Food and festivities

First of all, we know we have already said this, but for the first post of 2018 can we wish everybody a happy New Year where ever you are.

We had family down for Christmas – Mark, Alice, Thomas and Phoebe – and with one or two reservations (a teething infant and a wide range of coughs and splutters) it went well. Winter is a slightly tricky time for hosting a visiting family. In summer we have space and we can eat outside on the patio and, of course, a swimming pool can absorb a very large amount of children’s time and energy. But a winter visit worked and although we had some sub-zero nights we had a some very pleasant days out at the coast. Thomas and Mark were even seen paddling.

Yes, that is St Tropez in the distance

We had a visit to Cannes on Christmas Eve for the church service. There was the most dramatic stylised Christmas tree which was even more extraordinary when you went inside it and looked up. As is routine across much of France and elsewhere security remains at a high level.

 

 

 

 

The tree from outside and inside.

 

One particular feature of this time of year is the foodstuff on sale. In the secular West no one is sure what Christmas is all about and the French are even more unsure than most but of one thing they are certain: it is a period that is about food, not in fact just for Christmas Eve, but for that all important Réveillon du Nouvel An (New Year’s Eve).

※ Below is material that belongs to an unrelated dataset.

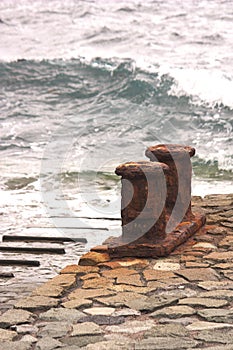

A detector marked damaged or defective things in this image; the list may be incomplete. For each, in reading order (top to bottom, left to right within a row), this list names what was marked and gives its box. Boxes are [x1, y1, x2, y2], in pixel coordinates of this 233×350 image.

rusty mooring bollard [114, 161, 169, 245]
rusty mooring bollard [91, 144, 206, 258]
rusty mooring bollard [146, 144, 195, 231] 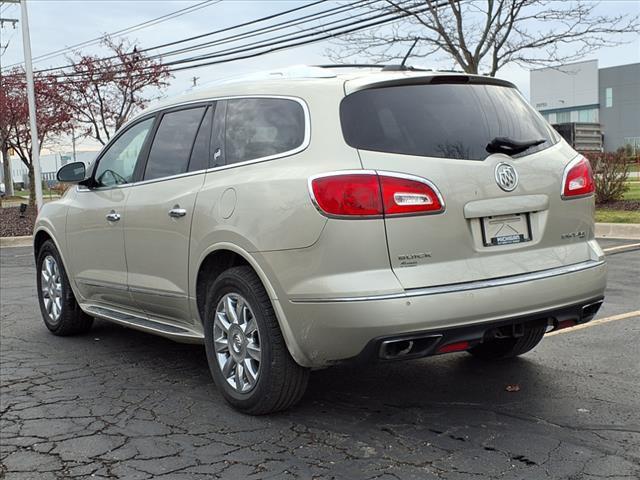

And what better way to celebrate than with macaroons?

Our own food contribution was a fun Christmas lunch. Mark cooked Beef Wellington with all the trappings.

Finally, Chris has completed his final essay on the Anglican Readership course. So, although there are a few bits of paperwork that need doing, there is no reason why he shouldn’t be licensed as a Reader at some point in the next few months. It’s been a lot of hard work!